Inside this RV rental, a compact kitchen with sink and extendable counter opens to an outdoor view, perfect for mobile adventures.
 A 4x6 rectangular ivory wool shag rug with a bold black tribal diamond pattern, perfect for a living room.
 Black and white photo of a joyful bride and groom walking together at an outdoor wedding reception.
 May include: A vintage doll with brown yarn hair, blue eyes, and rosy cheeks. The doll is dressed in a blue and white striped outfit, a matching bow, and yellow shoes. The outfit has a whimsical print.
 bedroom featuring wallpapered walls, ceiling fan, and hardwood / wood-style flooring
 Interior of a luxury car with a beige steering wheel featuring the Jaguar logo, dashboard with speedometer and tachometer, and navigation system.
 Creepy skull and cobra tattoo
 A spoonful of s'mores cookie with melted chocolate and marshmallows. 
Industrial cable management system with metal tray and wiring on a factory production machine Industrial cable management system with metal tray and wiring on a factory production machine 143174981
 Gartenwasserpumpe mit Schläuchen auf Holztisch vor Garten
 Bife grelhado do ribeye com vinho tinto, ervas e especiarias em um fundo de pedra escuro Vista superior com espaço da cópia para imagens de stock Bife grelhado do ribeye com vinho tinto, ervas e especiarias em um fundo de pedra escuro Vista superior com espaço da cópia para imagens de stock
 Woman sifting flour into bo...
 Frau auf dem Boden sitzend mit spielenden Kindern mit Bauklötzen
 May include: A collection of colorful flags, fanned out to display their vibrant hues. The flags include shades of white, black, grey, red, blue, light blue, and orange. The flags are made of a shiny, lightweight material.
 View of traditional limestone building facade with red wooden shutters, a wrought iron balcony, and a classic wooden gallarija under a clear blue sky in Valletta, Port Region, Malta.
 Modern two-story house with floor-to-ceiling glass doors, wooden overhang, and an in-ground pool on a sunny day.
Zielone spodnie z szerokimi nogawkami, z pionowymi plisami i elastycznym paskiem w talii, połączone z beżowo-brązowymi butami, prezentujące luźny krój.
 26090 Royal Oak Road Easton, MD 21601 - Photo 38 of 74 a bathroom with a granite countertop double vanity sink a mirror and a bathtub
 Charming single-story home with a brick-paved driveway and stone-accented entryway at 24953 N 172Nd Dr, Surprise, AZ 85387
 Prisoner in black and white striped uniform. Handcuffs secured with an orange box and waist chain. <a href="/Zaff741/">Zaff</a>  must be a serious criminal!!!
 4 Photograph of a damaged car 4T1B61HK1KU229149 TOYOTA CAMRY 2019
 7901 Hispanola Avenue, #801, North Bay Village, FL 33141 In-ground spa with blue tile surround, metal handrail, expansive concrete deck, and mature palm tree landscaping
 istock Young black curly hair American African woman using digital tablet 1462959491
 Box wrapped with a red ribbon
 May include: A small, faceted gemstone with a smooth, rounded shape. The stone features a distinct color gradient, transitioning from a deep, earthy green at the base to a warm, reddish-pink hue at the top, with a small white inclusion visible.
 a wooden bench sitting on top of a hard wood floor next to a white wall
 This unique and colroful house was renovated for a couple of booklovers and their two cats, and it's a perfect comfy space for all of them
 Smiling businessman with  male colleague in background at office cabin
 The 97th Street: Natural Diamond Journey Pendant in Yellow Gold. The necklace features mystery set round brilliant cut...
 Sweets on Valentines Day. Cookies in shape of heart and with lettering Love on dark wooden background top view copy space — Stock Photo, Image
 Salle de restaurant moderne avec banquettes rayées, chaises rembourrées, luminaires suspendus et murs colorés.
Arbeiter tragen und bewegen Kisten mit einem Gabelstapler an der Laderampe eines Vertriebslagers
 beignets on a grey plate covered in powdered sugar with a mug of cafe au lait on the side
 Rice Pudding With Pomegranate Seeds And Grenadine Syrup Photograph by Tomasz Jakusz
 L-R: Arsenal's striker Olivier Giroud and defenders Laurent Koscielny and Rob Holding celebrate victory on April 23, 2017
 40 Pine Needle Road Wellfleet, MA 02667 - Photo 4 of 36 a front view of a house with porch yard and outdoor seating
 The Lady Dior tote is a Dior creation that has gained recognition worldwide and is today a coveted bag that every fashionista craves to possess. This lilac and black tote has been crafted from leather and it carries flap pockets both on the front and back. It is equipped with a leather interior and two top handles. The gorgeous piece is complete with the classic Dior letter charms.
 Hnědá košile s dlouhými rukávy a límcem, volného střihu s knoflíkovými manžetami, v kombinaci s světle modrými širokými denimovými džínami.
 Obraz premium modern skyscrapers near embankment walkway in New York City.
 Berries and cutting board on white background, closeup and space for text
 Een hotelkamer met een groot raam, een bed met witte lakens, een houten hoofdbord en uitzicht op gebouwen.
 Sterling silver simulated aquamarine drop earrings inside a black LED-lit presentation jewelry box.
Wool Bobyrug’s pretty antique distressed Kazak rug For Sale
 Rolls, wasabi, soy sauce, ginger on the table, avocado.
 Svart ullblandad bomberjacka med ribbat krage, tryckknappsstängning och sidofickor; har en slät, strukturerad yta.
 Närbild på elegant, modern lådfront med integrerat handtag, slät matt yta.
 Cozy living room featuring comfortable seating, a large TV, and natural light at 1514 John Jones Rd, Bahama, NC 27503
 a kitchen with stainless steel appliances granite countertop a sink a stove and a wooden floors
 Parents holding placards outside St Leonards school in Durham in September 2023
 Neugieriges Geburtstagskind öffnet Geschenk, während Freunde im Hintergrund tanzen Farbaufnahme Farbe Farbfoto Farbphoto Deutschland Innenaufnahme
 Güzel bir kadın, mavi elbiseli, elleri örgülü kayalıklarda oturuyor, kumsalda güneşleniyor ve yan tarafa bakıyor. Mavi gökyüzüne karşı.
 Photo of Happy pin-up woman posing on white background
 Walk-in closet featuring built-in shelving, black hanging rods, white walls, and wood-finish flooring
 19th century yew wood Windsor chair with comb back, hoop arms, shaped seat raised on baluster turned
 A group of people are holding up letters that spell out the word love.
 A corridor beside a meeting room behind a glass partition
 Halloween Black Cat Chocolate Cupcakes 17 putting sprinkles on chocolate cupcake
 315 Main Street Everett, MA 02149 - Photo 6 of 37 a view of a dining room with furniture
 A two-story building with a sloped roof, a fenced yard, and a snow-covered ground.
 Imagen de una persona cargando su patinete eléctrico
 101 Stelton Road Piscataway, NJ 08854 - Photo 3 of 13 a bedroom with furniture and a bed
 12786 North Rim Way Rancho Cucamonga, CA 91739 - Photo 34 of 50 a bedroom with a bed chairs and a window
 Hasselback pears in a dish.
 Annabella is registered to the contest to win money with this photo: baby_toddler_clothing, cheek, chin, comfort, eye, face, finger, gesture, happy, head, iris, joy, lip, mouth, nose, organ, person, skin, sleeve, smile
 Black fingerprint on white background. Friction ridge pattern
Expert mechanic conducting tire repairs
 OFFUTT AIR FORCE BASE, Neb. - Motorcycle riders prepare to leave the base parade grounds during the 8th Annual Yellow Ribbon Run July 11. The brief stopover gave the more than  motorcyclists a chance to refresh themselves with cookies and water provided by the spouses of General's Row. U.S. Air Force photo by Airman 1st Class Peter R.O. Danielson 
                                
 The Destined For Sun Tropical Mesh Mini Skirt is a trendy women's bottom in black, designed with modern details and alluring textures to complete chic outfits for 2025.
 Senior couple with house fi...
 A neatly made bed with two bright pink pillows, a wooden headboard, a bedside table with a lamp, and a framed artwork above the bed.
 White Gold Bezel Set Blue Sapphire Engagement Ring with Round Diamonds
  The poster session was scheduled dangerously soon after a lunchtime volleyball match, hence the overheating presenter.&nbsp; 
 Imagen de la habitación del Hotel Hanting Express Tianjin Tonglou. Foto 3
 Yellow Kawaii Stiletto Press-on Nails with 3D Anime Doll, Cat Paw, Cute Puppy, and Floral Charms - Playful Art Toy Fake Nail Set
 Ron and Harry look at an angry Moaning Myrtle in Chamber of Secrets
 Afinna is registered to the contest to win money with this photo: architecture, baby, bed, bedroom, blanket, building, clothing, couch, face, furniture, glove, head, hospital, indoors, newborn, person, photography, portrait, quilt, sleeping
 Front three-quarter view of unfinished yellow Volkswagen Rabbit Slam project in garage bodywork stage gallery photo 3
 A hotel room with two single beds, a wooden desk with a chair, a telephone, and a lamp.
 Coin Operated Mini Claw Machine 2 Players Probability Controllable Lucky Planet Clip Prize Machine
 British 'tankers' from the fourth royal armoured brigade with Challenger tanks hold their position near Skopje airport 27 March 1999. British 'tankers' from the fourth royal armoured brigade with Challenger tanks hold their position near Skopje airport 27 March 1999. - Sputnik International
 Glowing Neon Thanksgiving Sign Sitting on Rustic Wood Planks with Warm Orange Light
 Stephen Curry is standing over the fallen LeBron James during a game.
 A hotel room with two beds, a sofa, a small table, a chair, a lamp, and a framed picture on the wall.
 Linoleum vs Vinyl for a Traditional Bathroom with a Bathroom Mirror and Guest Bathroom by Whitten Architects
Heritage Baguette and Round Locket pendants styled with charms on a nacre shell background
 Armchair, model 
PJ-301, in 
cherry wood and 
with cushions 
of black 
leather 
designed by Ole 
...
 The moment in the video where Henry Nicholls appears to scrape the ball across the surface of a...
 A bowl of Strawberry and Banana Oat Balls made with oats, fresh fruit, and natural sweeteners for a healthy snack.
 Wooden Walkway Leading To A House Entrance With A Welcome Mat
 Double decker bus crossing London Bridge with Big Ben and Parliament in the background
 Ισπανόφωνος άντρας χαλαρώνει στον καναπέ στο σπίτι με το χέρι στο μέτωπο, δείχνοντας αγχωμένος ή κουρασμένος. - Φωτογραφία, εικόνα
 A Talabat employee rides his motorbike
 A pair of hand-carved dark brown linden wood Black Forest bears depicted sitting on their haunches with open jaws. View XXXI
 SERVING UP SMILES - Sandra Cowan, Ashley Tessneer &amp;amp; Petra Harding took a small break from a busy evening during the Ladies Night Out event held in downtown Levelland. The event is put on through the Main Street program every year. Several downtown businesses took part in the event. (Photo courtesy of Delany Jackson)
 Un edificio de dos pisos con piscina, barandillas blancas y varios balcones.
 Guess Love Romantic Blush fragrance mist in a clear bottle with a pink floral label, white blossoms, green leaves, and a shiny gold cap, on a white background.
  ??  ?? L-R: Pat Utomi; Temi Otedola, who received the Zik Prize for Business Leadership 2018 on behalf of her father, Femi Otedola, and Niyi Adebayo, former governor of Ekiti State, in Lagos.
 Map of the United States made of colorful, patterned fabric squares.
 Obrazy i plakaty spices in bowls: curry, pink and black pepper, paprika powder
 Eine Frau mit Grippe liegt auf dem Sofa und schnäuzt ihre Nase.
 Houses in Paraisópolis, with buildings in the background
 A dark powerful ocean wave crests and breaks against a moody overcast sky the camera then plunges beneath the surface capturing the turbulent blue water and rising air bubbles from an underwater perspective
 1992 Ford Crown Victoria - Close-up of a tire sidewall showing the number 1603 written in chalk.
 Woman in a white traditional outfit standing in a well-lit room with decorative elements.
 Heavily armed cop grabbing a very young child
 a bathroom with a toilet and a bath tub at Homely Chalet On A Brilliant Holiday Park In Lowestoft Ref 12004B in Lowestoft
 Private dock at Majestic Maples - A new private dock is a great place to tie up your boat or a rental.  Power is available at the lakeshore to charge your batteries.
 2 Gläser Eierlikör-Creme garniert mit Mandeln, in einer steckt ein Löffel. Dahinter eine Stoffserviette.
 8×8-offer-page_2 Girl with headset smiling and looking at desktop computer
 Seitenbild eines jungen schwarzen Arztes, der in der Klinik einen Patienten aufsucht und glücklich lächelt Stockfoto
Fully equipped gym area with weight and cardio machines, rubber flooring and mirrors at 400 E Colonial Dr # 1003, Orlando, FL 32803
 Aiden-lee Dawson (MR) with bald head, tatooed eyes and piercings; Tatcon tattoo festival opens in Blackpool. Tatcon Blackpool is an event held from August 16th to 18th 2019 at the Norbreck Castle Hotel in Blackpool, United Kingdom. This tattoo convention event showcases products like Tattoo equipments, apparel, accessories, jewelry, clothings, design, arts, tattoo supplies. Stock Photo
□ □ □ □
> PROBLEM TO WORK ON:
Report all lines in the records that include the string "Road".

> TASK RESULT:
 26090 Royal Oak Road Easton, MD 21601 - Photo 38 of 74 a bathroom with a granite countertop double vanity sink a mirror and a bathtub
 40 Pine Needle Road Wellfleet, MA 02667 - Photo 4 of 36 a front view of a house with porch yard and outdoor seating
 101 Stelton Road Piscataway, NJ 08854 - Photo 3 of 13 a bedroom with furniture and a bed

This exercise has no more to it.